Desire Luzinda, also represented by Semakadde, faces more police questioning after naked photos of her were leaked online, allegedly by her jilted former lover.

“The public was very harsh the first few weeks,” Luzinda (30) told the M&G, adding she had been branded “a curse” and “a shame”, but had also received some support.

She went into hiding as Lokodo called for her arrest, but gave herself up to police to minimise the “torture”.

Luzinda says she has been affected commercially, with a local Muslim leader intervening to stop a planned performance.

Out on bail ahead of her trial, due to begin on January 29, Kansiime is trying to scrape by financially with gigs as a backup singer and dancer.

She is most concerned about being slapped with a “very huge fine” or jailed “to bring back all this misery”.

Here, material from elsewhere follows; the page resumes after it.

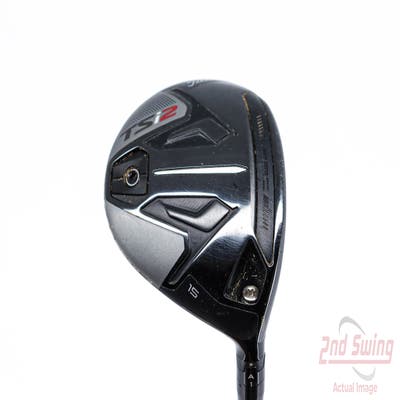 Titleist TSi2 Fairway Wood 3 Wood 3W 15° MCA Tensei AV Blue Raw 65 Graphite Stiff Right Handed 43.25in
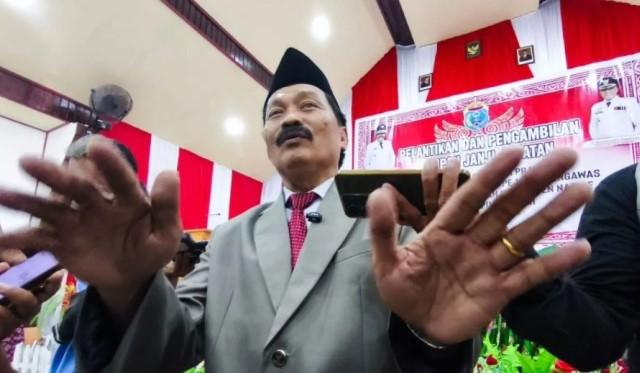 Pemkab Nabire Hentikan Gaji 161 ASN Tak Disiplin untuk Perbaiki Tata Kelola Birokrasi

Then there’s the fear that she’ll “have to change and perform differently” if the antiporn law remains on the books.

Kansiime has given up the hope of being a big star in Uganda, saying it’s “impossible” and says she may have to go overseas to make it big time.

But first she needs to defeat her country’s moral crusaders.

“I cannot be ostracised and treated like this. It’s just wrong,” says Kansiime.

A previous version of this article erroneously stated that the Antihomosexuality Act was introduced in February, when in fact is was enacted in February. The error occurred during the editing process.